12.2 ALCS agrees to give notice forthwith to the Customer upon becoming
aware of an event of Force Majeure and to use all reasonable endeavours
to mitigate the effect of any event of Force Majeure upon the
performance of this Agreement.
12.3 The provisions of this Clause 12 shall not apply in respect of the
obligations under Clauses 2.9, 2.10, 2.11, 2.14, 3, 4, 6.2.3, 6.3,
7,10.3, 13.5 and 22.
13. LIABILITY AND INSURANCE
13.1 Neither party shall be liable to the other party for any indirect or
consequential loss (including any loss of profits, revenue, anticipated
savings, goodwill, data, contracts or any loss or damage suffered by a
party as a result of any claims brought by a third party) which may
arise in connection with this Agreement or the Services, even if such
loss was reasonably foreseeable or the defaulting party had been
advised of the possibility of the other party incurring the same.

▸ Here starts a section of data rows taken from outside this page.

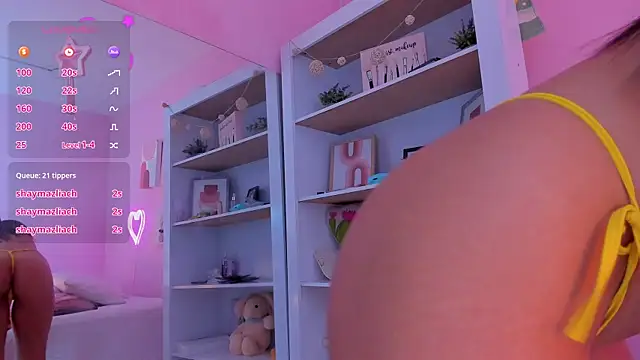 Sophiietaylor online show from March 22, 3:09 am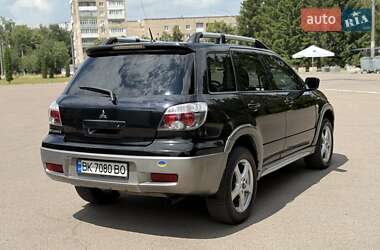 Внедорожник / Кроссовер Mitsubishi Outlander 2006 в 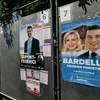 Ápphích của các ứng cử viên địa phương cho vòng đầu tiên của cuộc bầu cử lập pháp Pháp năm 2024 tại tòa thị chính địa phương ở Port-en-Bessin-Huppain, Normandy, Pháp. (Ảnh: Reuters)
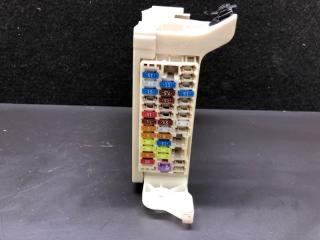 Блок предохранителей салон PRIUS C/AQUA 11-14 2013 NHP10L 1NZ-FXE 1.5L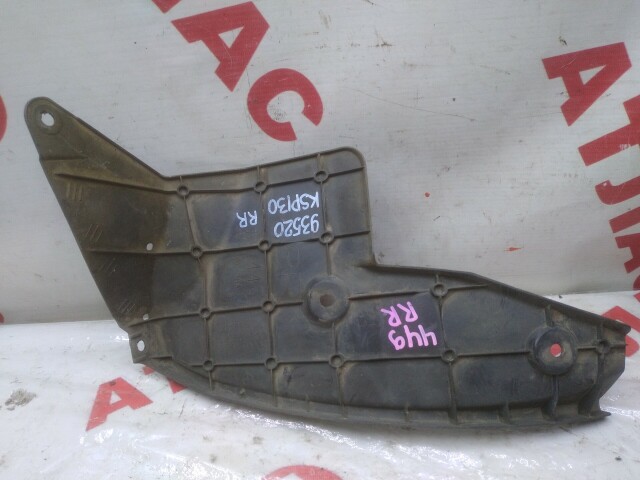 Подкрылок TOYOTA Vitz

13.2 ALCS shall not be liable to the Customer for any loss suffered as a
result of the misuse of the Services by the Customer.
13.3 ALCS's aggregate liability to the Customer under or in connection with
this Agreement (whether in contract, tort or howsoever arising) in
respect of one cause of action or any series of events arising from the
same cause of action shall not exceed the amount of Fees paid by the
Customer to ALCS in the 12 months prior to the cause of action arising.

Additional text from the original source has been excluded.